Items from a dataset:
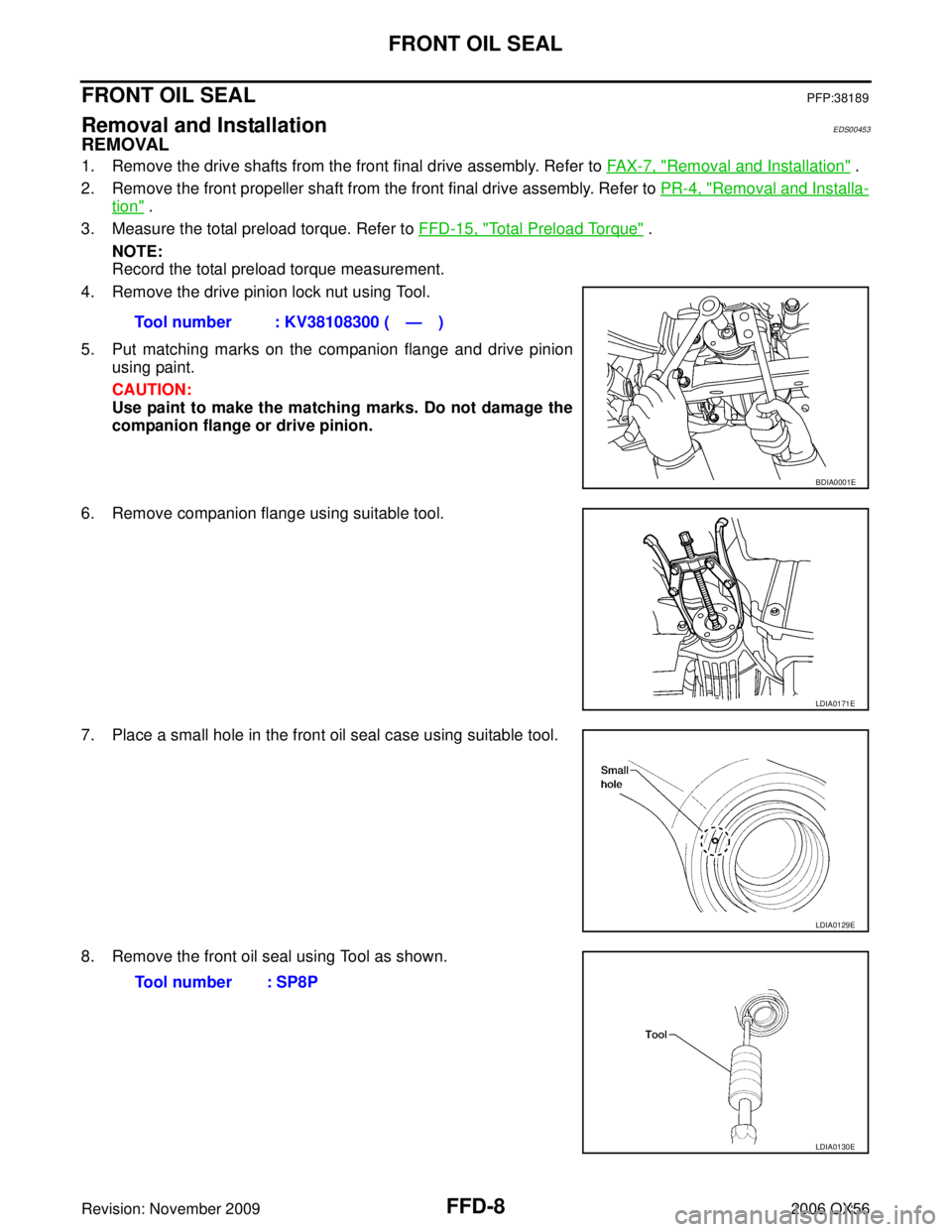 INFINITI QX56 2006  Factory Service Manual FFD-8
FRONT OIL SEAL
Revision: November 20092006 QX56
FRONT OIL SEALPFP:38189
Removal and InstallationEDS00453
REMOVAL
1. Remove the drive shafts from the front final drive assembly. Refer to FA X - 7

### REQUIREMENT
Text only, no pictures: copy every entry exactly.

### OUTPUT FOR THIS TASK
 INFINITI QX56 2006  Factory Service Manual FFD-8
FRONT OIL SEAL
Revision: November 20092006 QX56
FRONT OIL SEALPFP:38189
Removal and InstallationEDS00453
REMOVAL
1. Remove the drive shafts from the front final drive assembly. Refer to FA X - 7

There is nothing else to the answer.